If there's one person who we would be fascinated to hear the life story of, it's Drew Barrymore.
And happily, the 40-year-old actress has obliged, with news that she is to pen a series of autobiographical essays in a new book about her life.
Publishers Dutton confirmed to People that Barrymore has signed a deal with them to write an as yet untitled book about her childhood, film adventures and recent foray into motherhood.
Despite the well-documented ups and downs of the star's life - including teen drug addiction and estrangement from her mother - the proposed book will be upbeat and funny.
"I love stories that are humorous, emotional and welcoming, and that is my goal in writing this book," says Barrymore, who has two young daughters, Olive and Frankie, with her husband Kopelman.
Ben Sevier, publisher of Dutton, says, "We are thrilled to welcome Drew Barrymore, a true American icon, to the Dutton list, and can't wait to help bring her wonderful writing to the world."

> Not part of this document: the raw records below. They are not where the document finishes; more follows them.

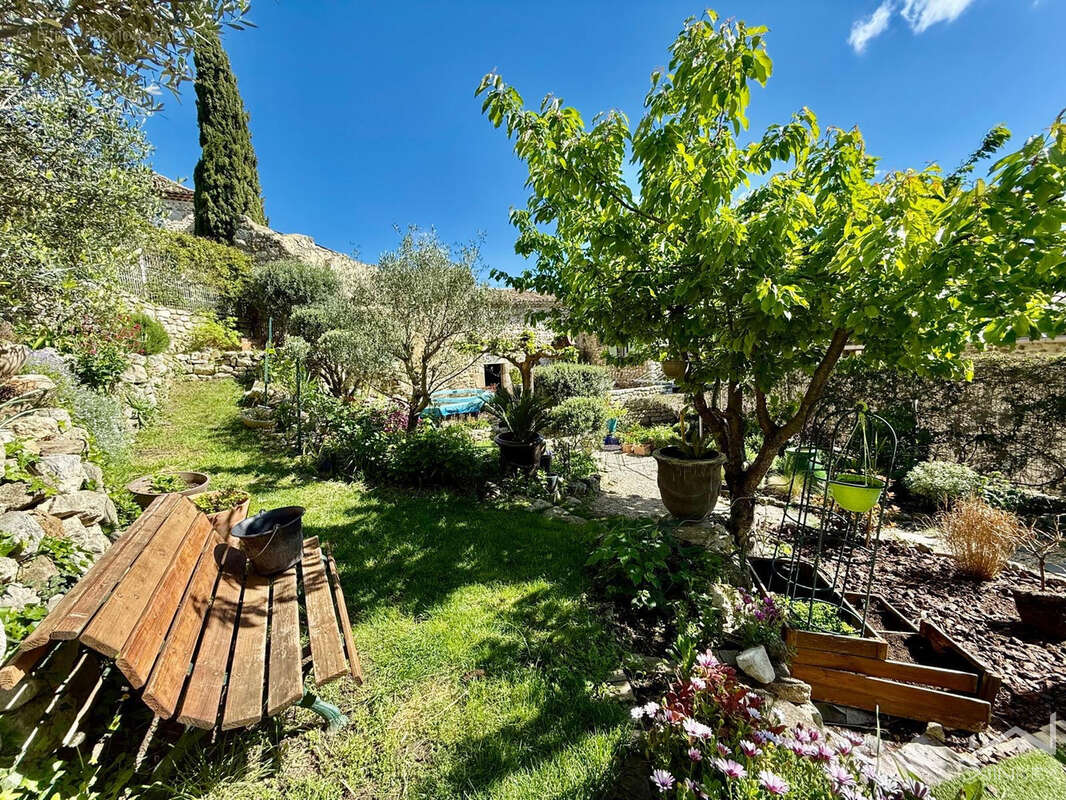 Isabelle di natalevous propose en exclusivité   maison de village  en pierre avec jardin  piscine et dépendanc - photo 23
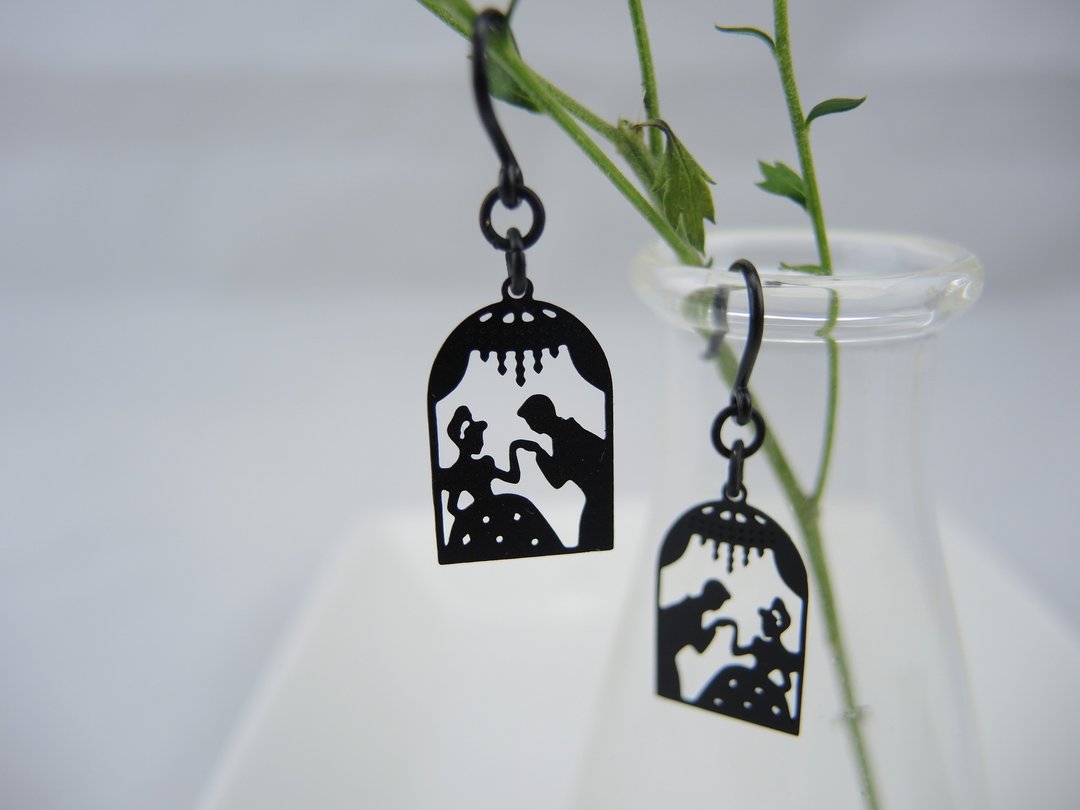 Silhouette earrings / Cinderella - 耳环/耳夹 - 塑料 黑色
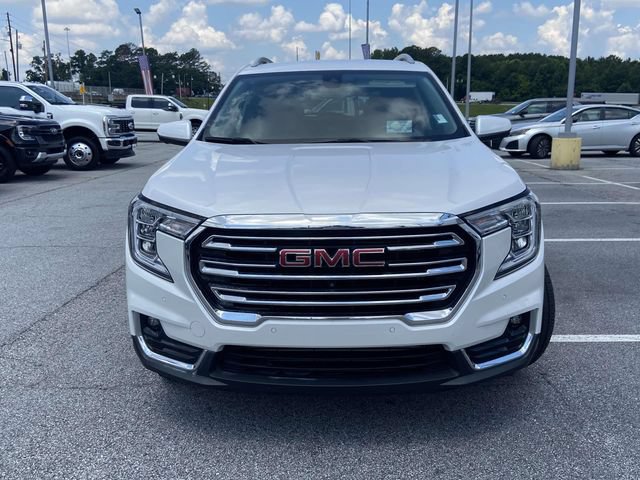 Used 2023 GMC Terrain SLT w/ Tech Package FWD image 8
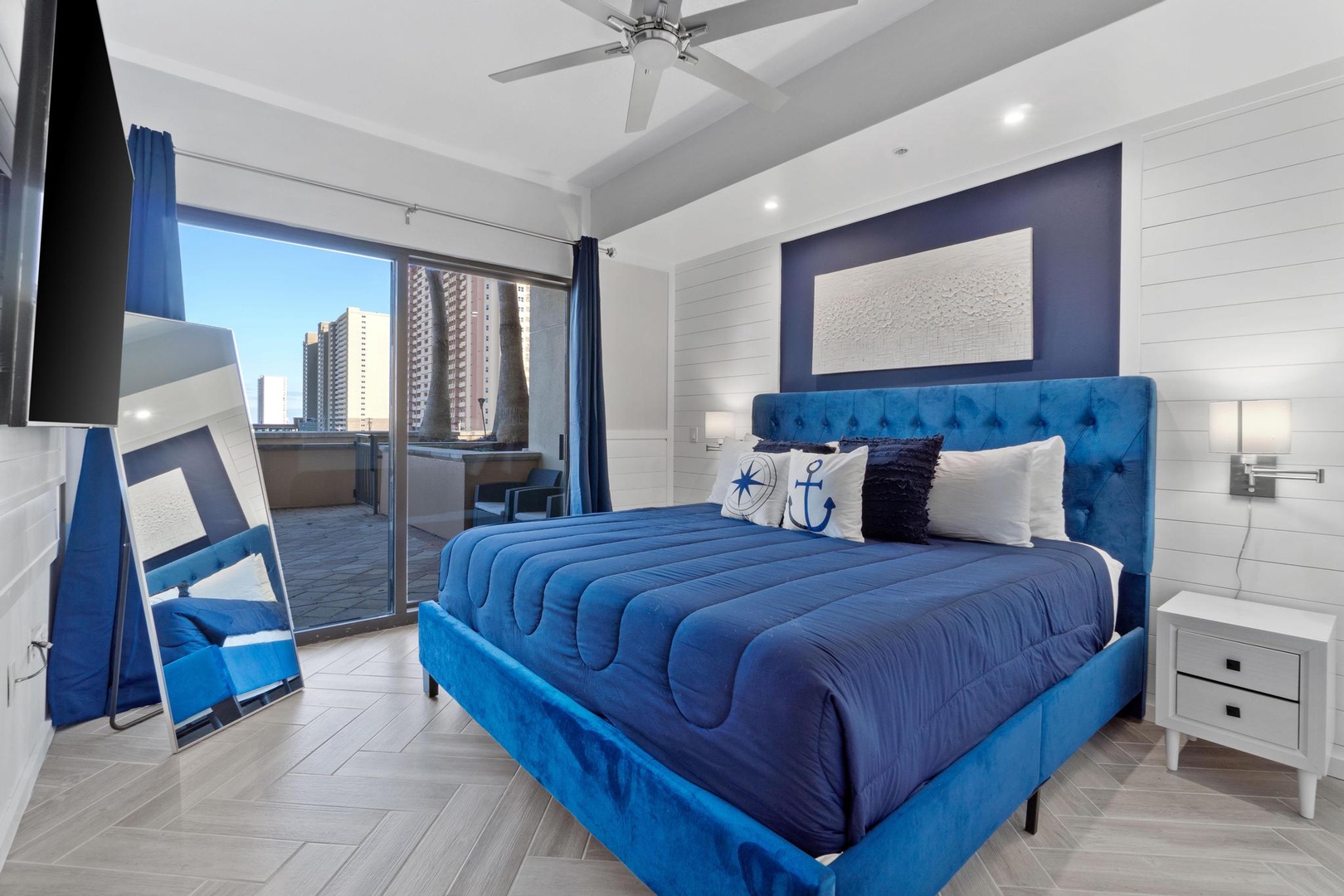 Master bedroom with king size bed-Sleeps 2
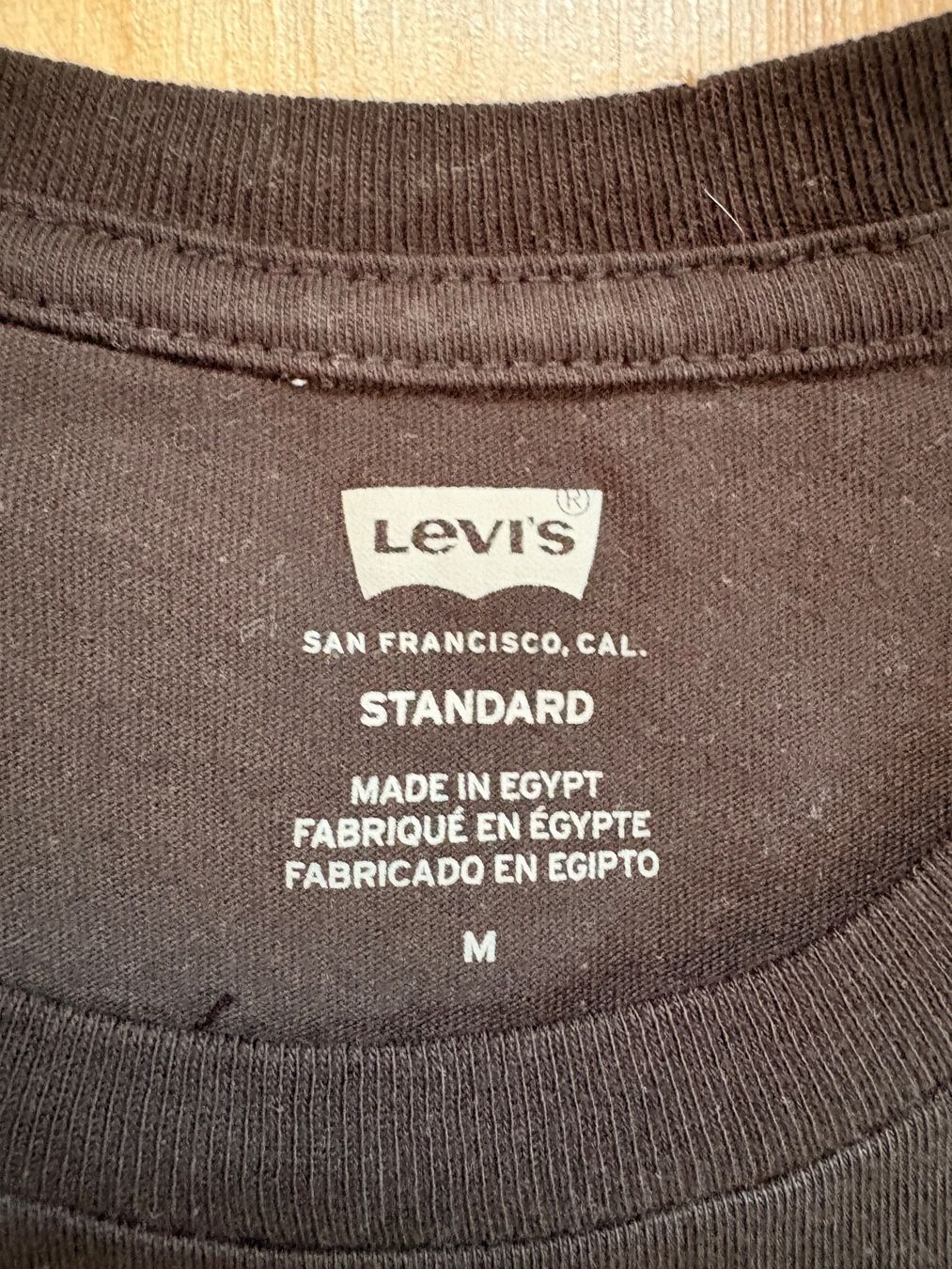 Levi's T-shirts: Levis T-Shirt – D'occasion à Wigoltingen par _vntg_ 1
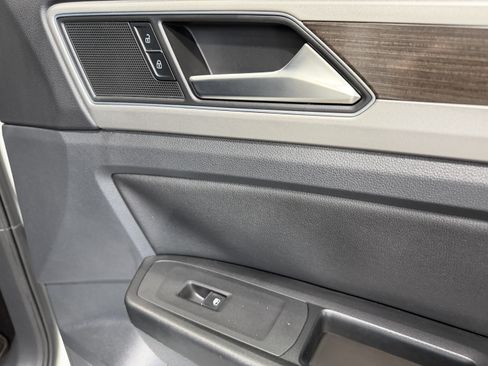 Used 2018 Volkswagen Atlas SE FWD image 24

The book will chart Barrymore's experiences of "living on her own at 14 (and how laundry may have saved her life), getting stuck in a gas station overhang on a cross-country road trip, saying goodbye to her father in a way only he could have understood, and many more adventures and lessons that have led to the most important thing in her life, which is motherhood."
It's yet not known how much the book deal was worth, or when it will come out.
Barrymore has written previously of her struggle with drug addiction, in her autobiography Little Girl Lost.
The actress captured the heart of a nation aged seven with her role in E.T.: The Extraterrestrial and she was hailed as a modern-day Shirley Temple.
But her fame quickly spiraled into a troubled life; she had her first drink at nine, began smoking pot at 10, and tried cocaine for the first time aged 12. She successfully petitioned to emancipate herself from her family at the age of 15 and four years later entered into a short-lived marriage to bar owner Jeremy Thomas.
A few turbulent years followed, but Barrymore managed to shrug off her reputation as a wild child and turn her languishing film career around by forming her own production company, Flower Films, in the mid-90s.
A stream of hit 90s movies followed, including Scream, The Wedding Singer and Never Been Kissed.
Charlie's Angels, co-starring Barrymore, Cameron Diaz and Lucy Liu, was the first big commercial success for Barrymore's production company in 2003 and she's never looked back since, building up a portfolio of successful films and performances through the Naughties. She married Kopelman in June 2012 and they had their first child three months later.
"I love the wonderful and awkward journey that I’ve been on - it’s forced me to grow so much," Barrymore said recently. "You learn to draw on the good and the bad times. One thing I’ve learned is to take a deep breath before reacting to something. That’s a big change that’s helped me get where I am."